The initial closings of the GE portfolio sale are expected to occur during the second and third quarters of this year. In the meantime, the parties will continue to discuss additional matters, such as the potential move of personnel from GE to Blackstone and Wells Fargo.

Despite its hefty price tag, the transaction at its core wasn't all about size for Blackstone. “I don't think they go out and say, 'I want to get the biggest deal out there,'” said Kevin Swill, chief operating officer of The Carlton Group, a real estate investment bank that did not work on the GE deal. “They buy based on the value-add they can put there and the yields they can get for their investors.”

On the equity side, “the portfolio fits in very well with a number of areas where we are active in Europe and the US,” said Caplan. GE's European equity real estate assets, for example, will help to bolster Blackstone's European logistics platform, Logicor, as well as its European retail business, Multi. Meanwhile, the company's US equity holdings are potential candidates for lease-up and repositioning. The majority of the assets are Class B properties built in the 1980s and 1990s, with some showing high vacancies, according to the website of Arden Realty, an affiliate of GE Capital Real Estate. “We do think there's a lot of opportunities within the portfolio on the operations side,” Caplan said.

On the debt side, the GE deal is being viewed as a strategic move to significantly expand its assets under management. In a call with reporters last month, Blackstone president Tony James noted: “what's scaling our AUM is the creation of new products around new capabilities and new markets.”

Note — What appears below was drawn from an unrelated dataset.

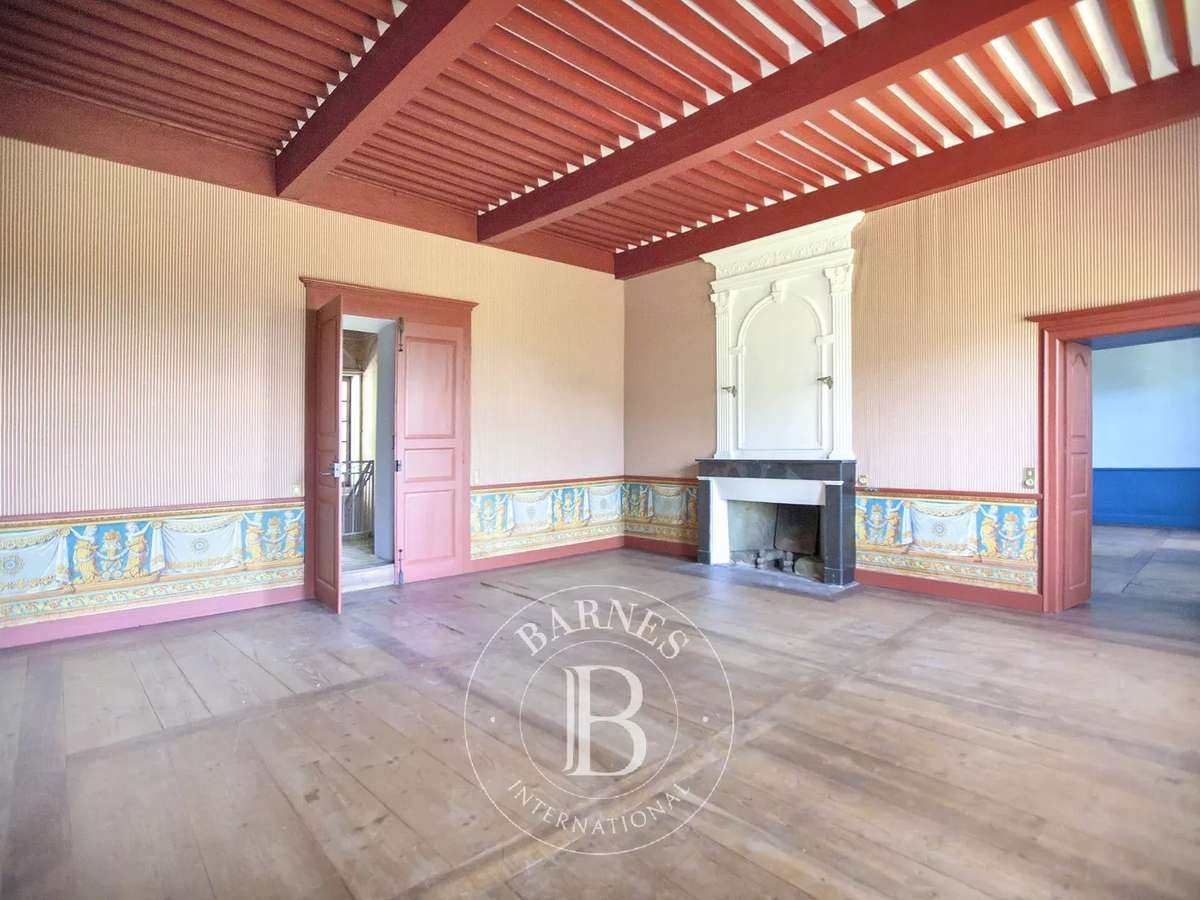 Propriété Aix-les-Bains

The GE transaction, he said, will give the firm new capabilities through its debt purchases in Australia and Mexico. “There are teams in those places that are good teams that have done remarkably well that we didn't have before, and that opens up new product opportunities and new fund opportunities,” he said.

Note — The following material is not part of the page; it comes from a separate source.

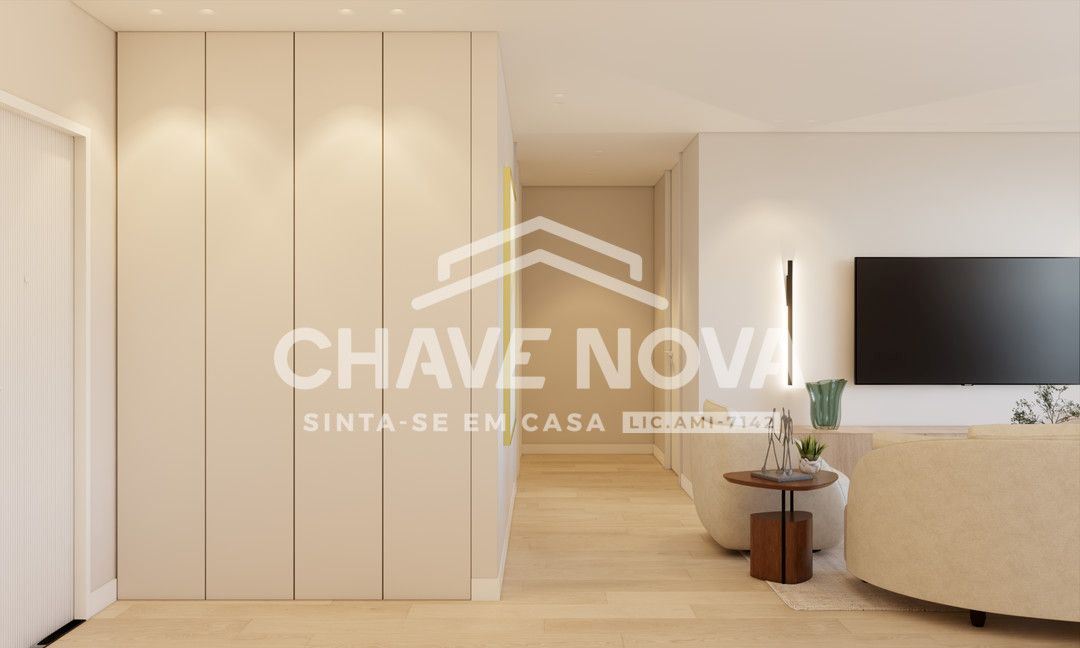 Apartamento T2 para Venda em São Felix da Marinha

Given the size and speed of execution, the GE portfolio sale is certainly one for the books. And, much like the EOP transaction that preceded it, the deal is a story that is just beginning to unfold. 

Divide and conquer

Blackstone and Wells Fargo are dividing GE's $23 billion commercial real estate portfolio in five ways:

Wells Fargo agreed to purchase performing first mortgages in the US, UK and Canada for $9 billion. 

Blackstone Real Estate Partners (BREP) VIII, Blackstone's global flagship property fund, will inherit GE's US equity assets – 24 million square feet primarily consisting of office properties in southern California, Seattle and Chicago – for $3.3 billion. The investment is the inaugural deal for the fund, which collected a total of $14.5 billion of institutional capital in March. 

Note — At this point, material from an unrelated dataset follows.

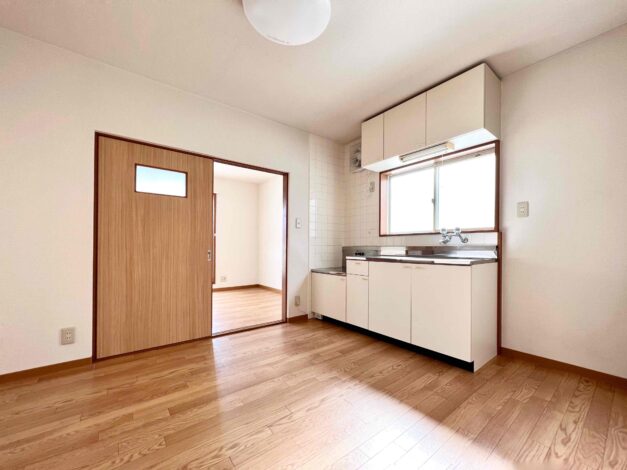 賃貸アパート「富士市今泉3DK」ペットと一緒に暮らせます!閑静静かな住宅地です!!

BREP Europe IV, Blackstone's European real estate fund, will inherit GE's European equity assets – 18 million square feet mostly in the UK, France and Spain – for €1.9 billion. 

Blackstone Real Estate Debt Strategies, Blackstone's real estate debt fund business, has agreed to buy performing first mortgages in Mexico and Australia for $4.2 billion.

Blackstone Mortgage Trust, Blackstone's publicly traded commercial mortgage real estate investment trust, will be the purchaser of $4.6 billion of performing mortgages, primarily in the US.